[DAS] "DAS/0.5" -- a different way of doing it
Lincoln Stein
lstein@cshl.org
Fri, 21 Dec 2001 13:34:34 -0500
Hi All,
Over the past couple of days I've been experimenting with a variant of DAS,
and have implemented it on the GMOD Generic Genome Browser. I'm calling it
the DAS/0.5 protocol, since it represents a deevolutionary step from DAS/1
and DAS/2 .
You can see what I've been working on at
http://www.wormbase.org/db/seq/gbrowse
The user experience is as follows:
1) she browses her favorite region of the genome
2) she decides to annotate genbank entry AB12345
3) she creates a space or tab-delimited text file that looks like this:
reference = AB12345.1
Gene "Predicted gene 1" 518-616,661-735,3187-3365 "Zinc-finger domain"

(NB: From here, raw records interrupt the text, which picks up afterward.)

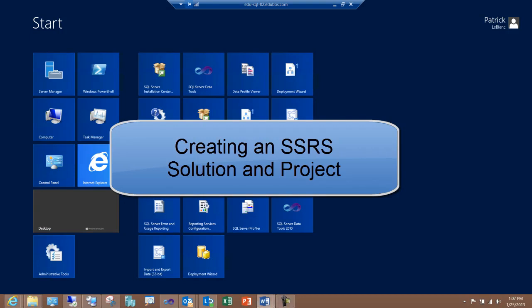In this video, I will demonstrate how to create a SQL Server Reporting Services project. Let's get started.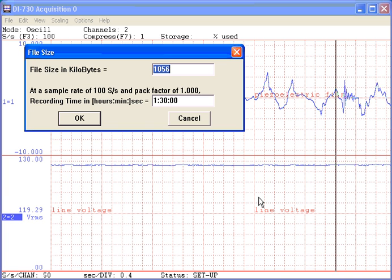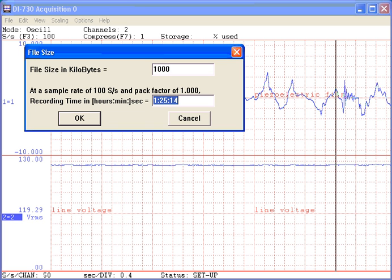This generates another dialog box that prompts for the size of the file to be acquired in either kilobytes or record time. WinDAC can stream data to file sizes of any length. If, for example, we specify a file size of 1,000 kilobytes and press the Tab key, WinDAC calculates a total record time of 1 hour, 25 minutes, and 14 seconds at the current sample rate.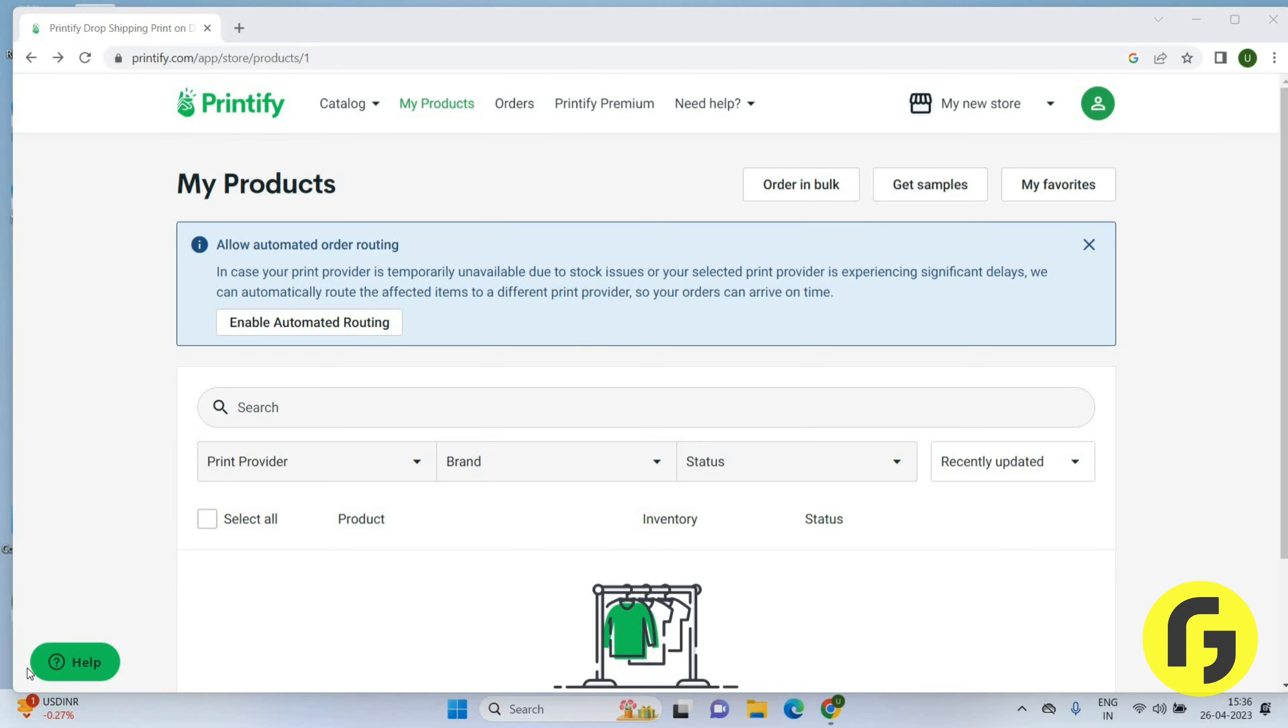Let's say, for example, you have euros on your card and the person who is selling has USD. You don't need to change it, it will just automatically change for Printify.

Gene "Predicted gene 2" 5513-6497,7968-8136,8278-8383 "Unknown"
Gene "Predicted gene 3" 16626-17396,17451-17597 "7-transmembrane"
4) she hits the "upload button". It appears on the display.
5) she decides to annotate another region of the genome. She hits the "edit"
button, and is brought to a text area that displays the uploaded file.
She adds another "reference=" line and more features.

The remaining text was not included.